Thursday, January 29, 2026

Places I'm Visiting: Dallas

Two days visiting in Dallas/Fort Worth. I heard opinions only on the Fort Worth side, but it seems people from Dallas and from Fort Worth don’t think much of each other. I get the impression that, at the very least, Fort Worth natives think Dallas is sterile, cold, and citified, whereas Fort Worth, they will tell you, still has its cowboy soul. 

We visited Dallas mostly to go to the Dallas Museum of Art, but, as it opens relatively late, at 11:00AM, we went to the Book Depository Museum, which occupies the sixth and seventh floors of what was the Texas Book Depository in November 1964 when John F. Kennedy was shot from one of its sixth-floor windows. Like many people, I’ve seen photos of the building, photos of the stretch of Elm St. the president’s motorcade was passing when the shots were fired that killed Kennedy and wounded Texas Governor John Connally, and I’ve seen photos of the “grassy knoll.” I have seen the Zapruder film, sequences isolated from the film, and stills from it. So, visiting Dealey Plaza in person, felt oddly familiar. 

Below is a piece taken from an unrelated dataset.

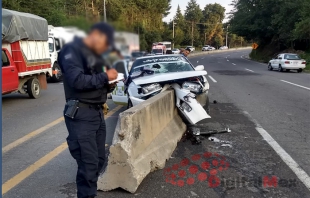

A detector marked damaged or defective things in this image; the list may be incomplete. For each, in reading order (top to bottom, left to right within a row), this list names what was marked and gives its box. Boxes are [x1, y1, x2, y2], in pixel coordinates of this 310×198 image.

damaged white car [111, 54, 211, 124]
cracked concrete block [98, 90, 186, 193]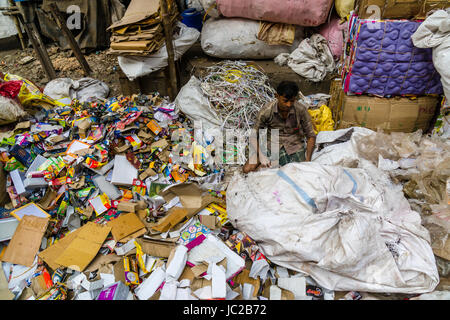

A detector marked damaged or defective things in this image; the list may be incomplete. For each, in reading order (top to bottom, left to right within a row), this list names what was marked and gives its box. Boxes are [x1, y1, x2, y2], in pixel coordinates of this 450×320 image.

torn packaging [1, 215, 48, 268]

The Museum mostly presents an extended series of explanatory panels. Some put Kennedy’s visit to Dallas into the context of the time. Others show what happened as the president was hit and right after. Still others look at how the world reacted to the assassination, at the investigations and re-enactments that followed, and at the forensic evidence for assigning the murder to Lee Harvey Oswald. A large model of Dealey Plaza used by the FBI and by later investigators is on display. Examples of cameras various journalists and amateur photographers used at the scene are on display.  Lee Harvey Oswald’s wedding ring is even on display.

Most moving, however, is simply being able to stand at almost exactly the spot on the sixth floor from which the sniper fired. From there, you can look down and to the right and see the X etched in the pavement on Elm St. showing the approximate point at which the fatal bullet struck. 

Having seen the path of the motorcade from the perspective of the sniper, one thing seemed odd to me. The motorcade made a right turn off Main St. onto Houston St., pointing right at the corner of the Book Depository Building from which Oswald fired. It then made a left turn onto Elm St., passing in front of the Book Depository Building, moving away from the sixth floor corner window, off to the shooter’s right. I don’t understand why he waited. He would appear to have had a closer, easier shot just as the motorcade slowed before making its left turn onto Elm St. We will never know what Oswald was thinking, but, had it been me, I would have fired at that – most vulnerable – moment rather than waiting for the car carrying the president to start moving away toward the triple underpass beyond the Grassy Knoll. 

After seeing the museum, we walked down to look at the X on Elm St. from the Grassy Knoll and at the place nearby Mr.  Zapruder was standing as he filmed the progress of the motorcade and, inadvertently, the assassination. Judging from the historical photographs, the place has changed very little since November 22, 1963, the day the president died. 

November 22, 1963 is the first day in my own life that I have a memory of. I was going on four years old. My mother and I were returning from grocery stopping. As we approached the short flight of steps up to the main doors of our Brooklyn apartment building, a neighbor came out and said something to my mother who then took me inside and rushed me down the hallway leading to our apartment door at the far end of the hallway. Inside the apartment, my mother kneeled down on the rug in front of the television, still holding a paper bag of groceries, and turned on the set – something she never did; my mother was largely indifferent to television; in later years, she didn’t even own a television. Having been a small child, I didn’t at the time understand what had happened, but I remember the day and the name Lee Harvey Oswald being spoken over and over again for days. Visiting the museum and the location of the assassination was a quintessentially touristy thing to do, but it was worth doing once.